Beginning with the line that holds "Drei Hunde am Bach im Wald", write out each line exactly as it stands until the end of the data, and include no pictures.

___ Records shown ___

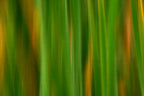 Static and Motion, 2007-11-17-0141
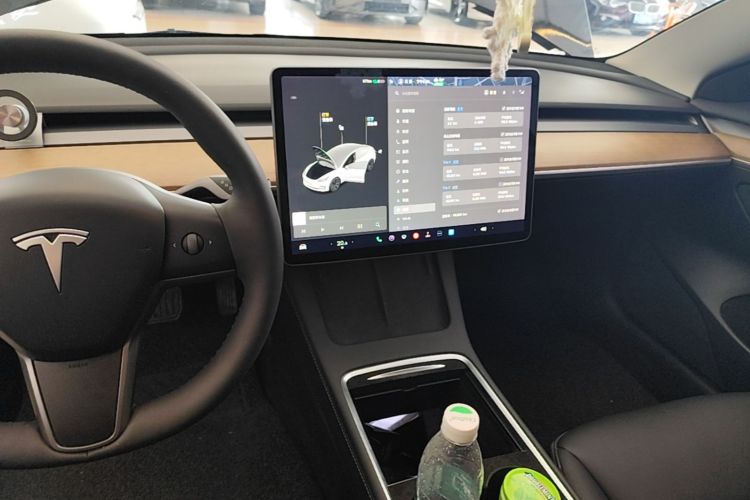 Tesla Model 3 2021 #10 Tesla Model 3 2021 car image #10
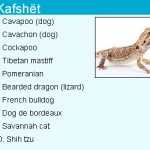 Kafshët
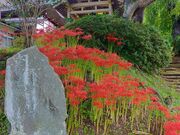 あきぼうさんの東山公園の投稿写真1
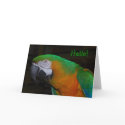 Hello Parrot Card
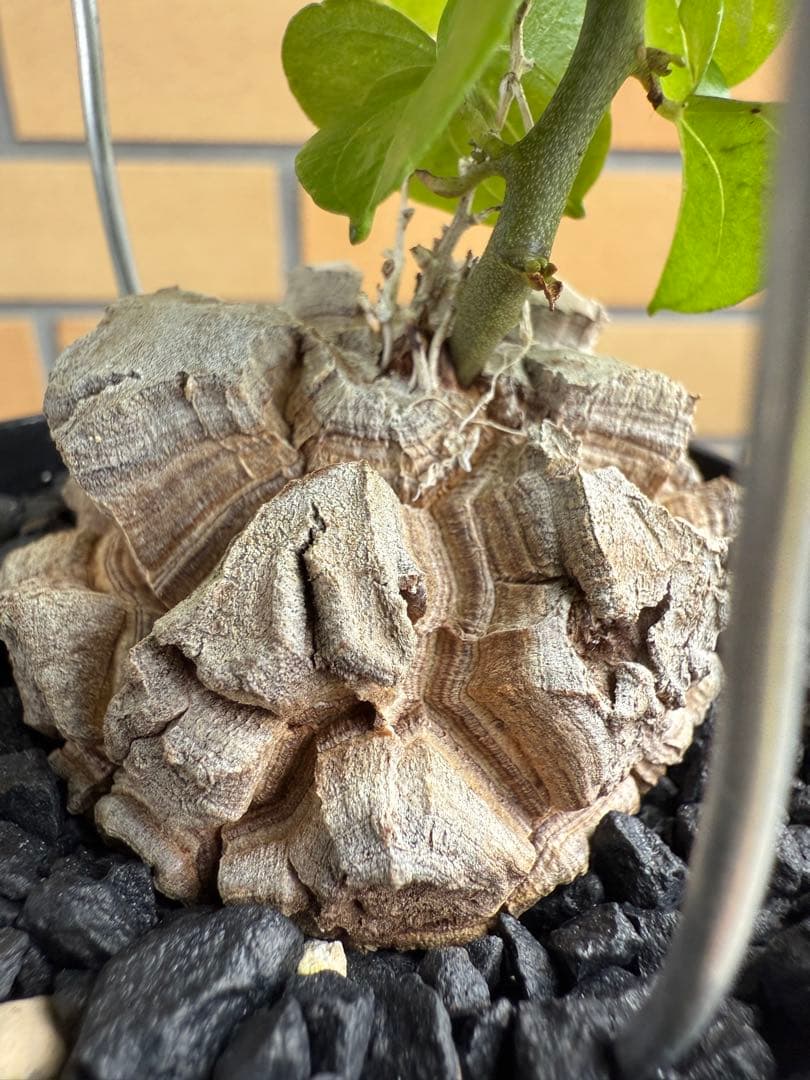 アフリカ亀甲竜　ディオスコレア　エレファンティペス⑦ 塊根植物 コーデックス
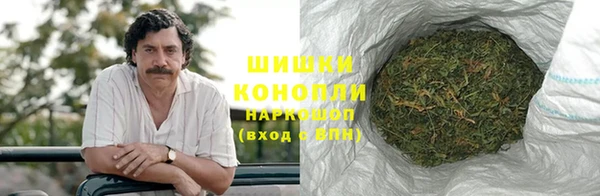 индика Беломорск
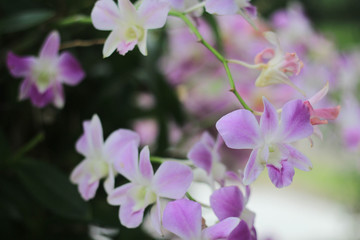 Purple orchid flower in garden
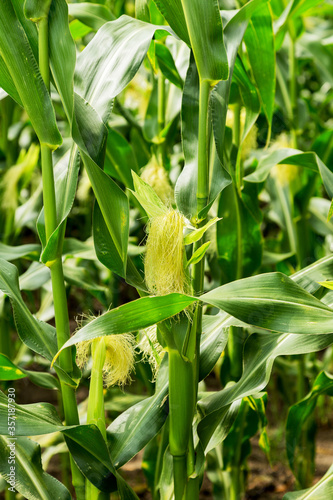 Corn field  corn on the cob. Selective Focus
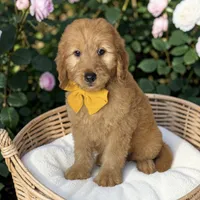 Bodie - F1 mini, a male Goldendoodle and Miniature Goldendoodle for sale in Austin, TX – 1 of 1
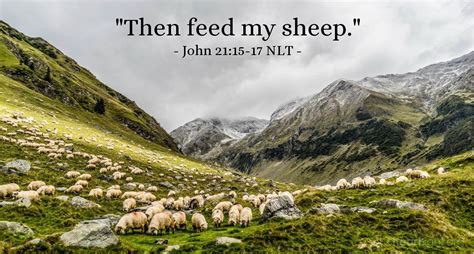 Prayers for the Week: Feed my Sheep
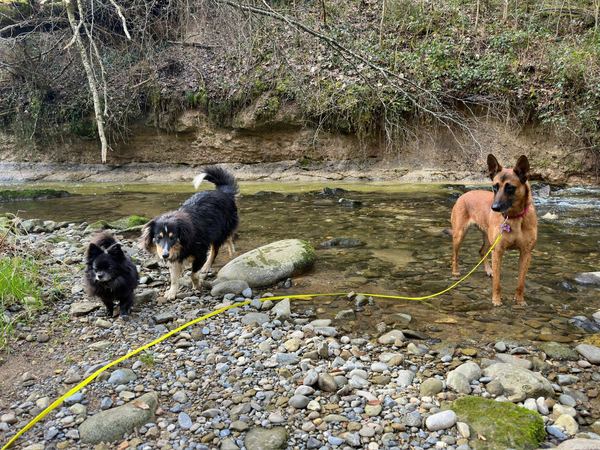 Drei Hunde am Bach im Wald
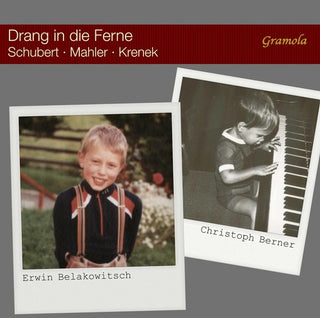 the album cover for Beethoven / Irnberger / Judd - Violin Concerto / Triple Concerto / Romances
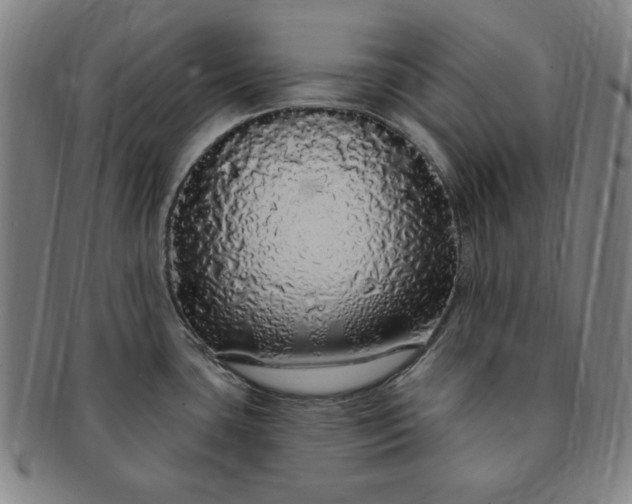 X0000091191435200708231459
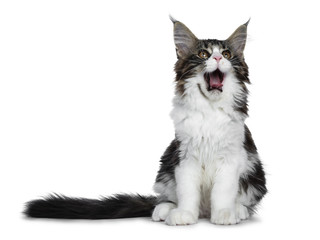 Beautiful black brown tabby with white Maine Coon cat kitten sitting up with tail next to body, looking up isolated on white background yawning
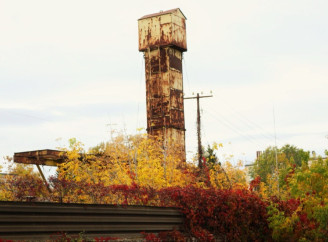 Ніжин тоне у "золоті" — Фото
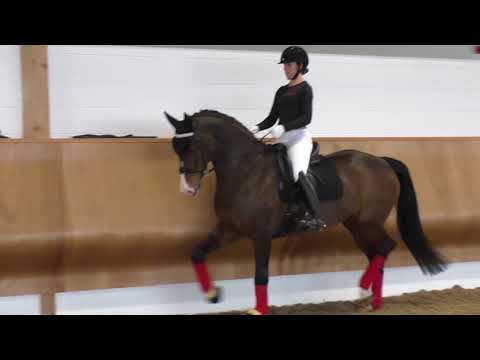 Protechmasta Fly Veil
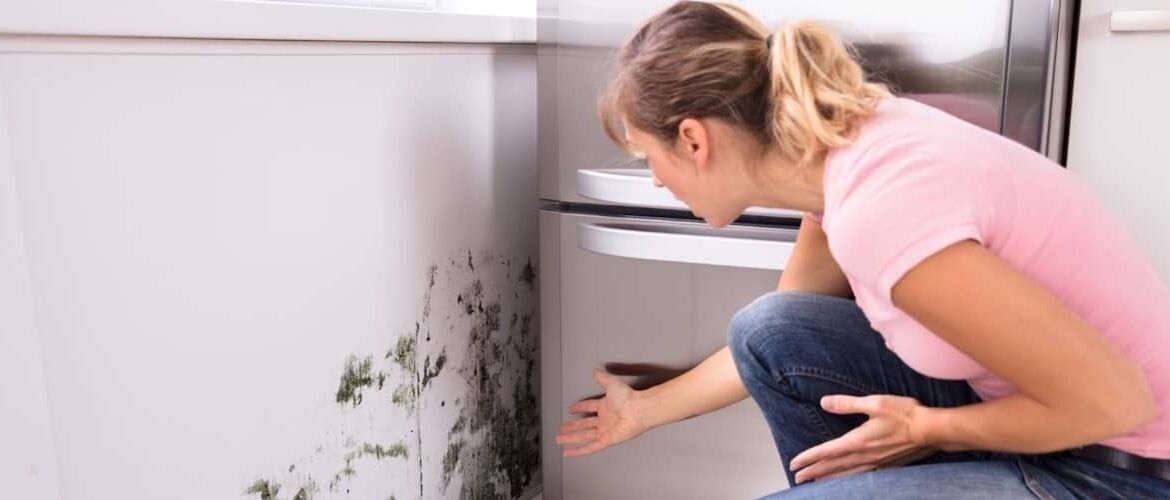 Warning Signs of Mold Problem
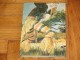 TARZAN i njegove životinje - Edgar Rice Burroughs slika 3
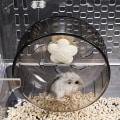 Miniatyrbillede 2 af 4: 1 Hamsterhjul Silent Rotator Hamster Mus Bevægelseshjul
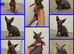 SPHYNX kittens ready to leave 6th June
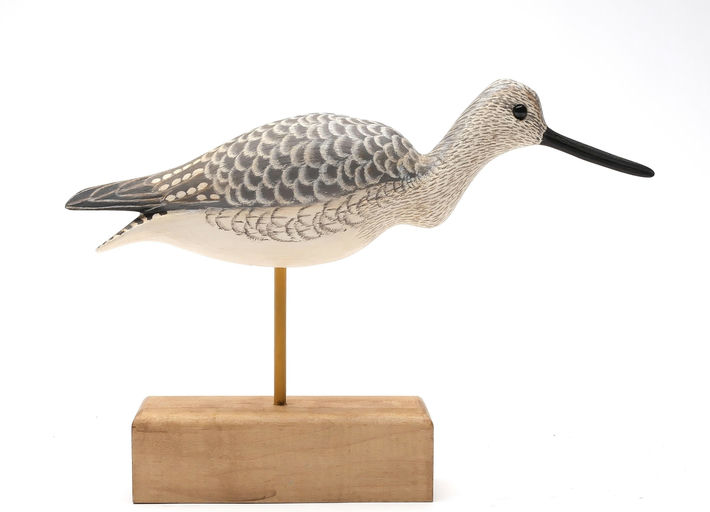 Cigar Daisey – Yellowlegs – 2026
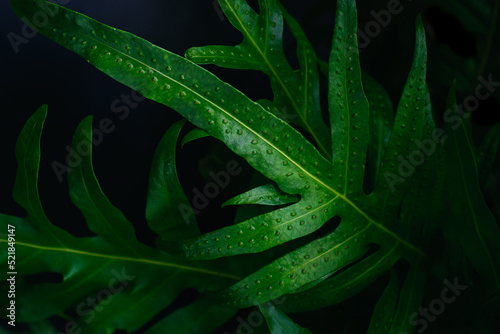 Monarch fern green leaves on natural dark background. Low key nature photography style.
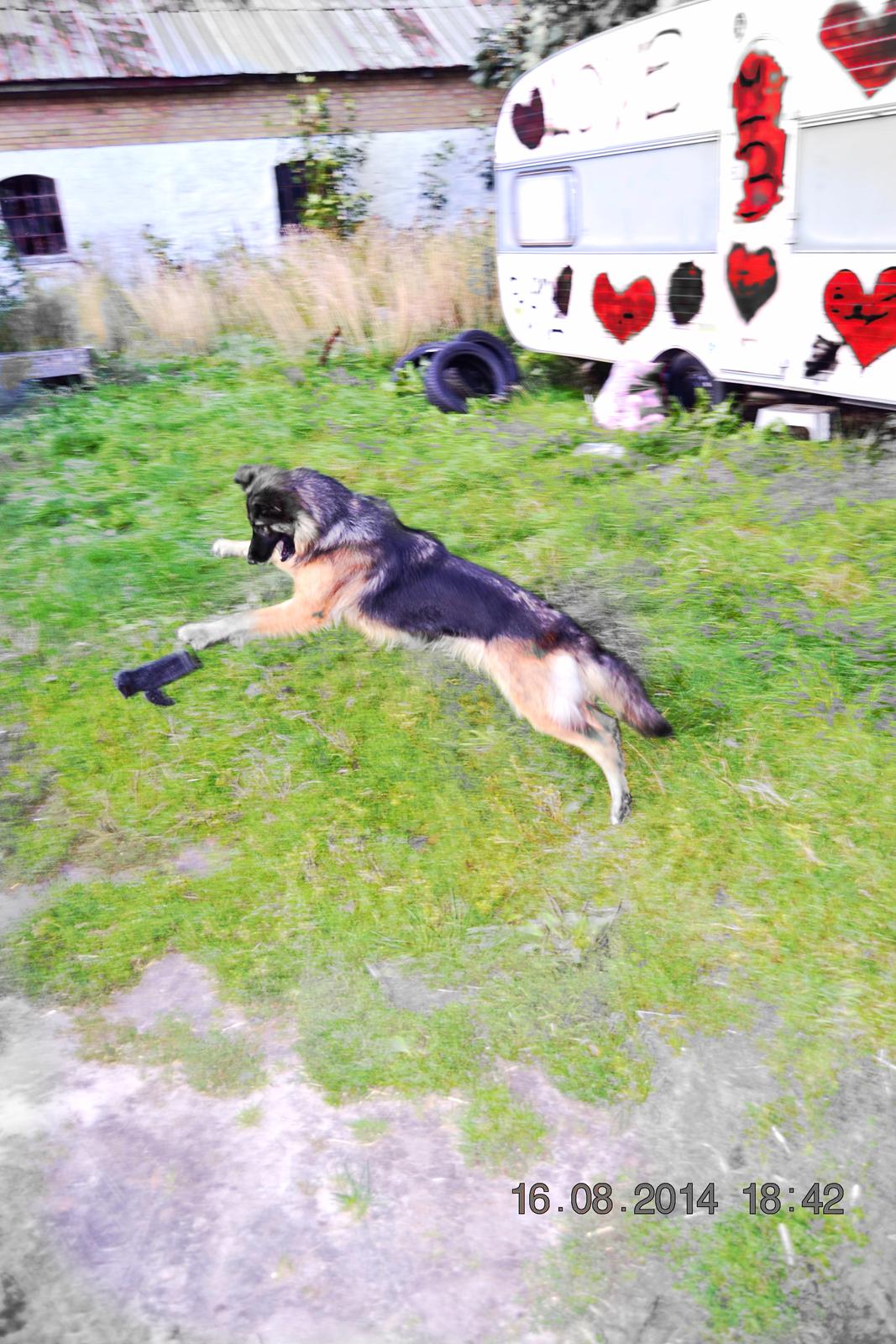 Schæferhund Sille død 2/3 2022  - jej  fejer med urtepottere jubii  billede 2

___

_Solution_
 Drei Hunde am Bach im Wald
 the album cover for Beethoven / Irnberger / Judd - Violin Concerto / Triple Concerto / Romances
 X0000091191435200708231459
 Beautiful black brown tabby with white Maine Coon cat kitten sitting up with tail next to body, looking up isolated on white background yawning
 Ніжин тоне у "золоті" — Фото
 Protechmasta Fly Veil
 Warning Signs of Mold Problem
 TARZAN i njegove životinje - Edgar Rice Burroughs slika 3
 Miniatyrbillede 2 af 4: 1 Hamsterhjul Silent Rotator Hamster Mus Bevægelseshjul
 SPHYNX kittens ready to leave 6th June
 Cigar Daisey – Yellowlegs – 2026
 Monarch fern green leaves on natural dark background. Low key nature photography style.
 Schæferhund Sille død 2/3 2022  - jej  fejer med urtepottere jubii  billede 2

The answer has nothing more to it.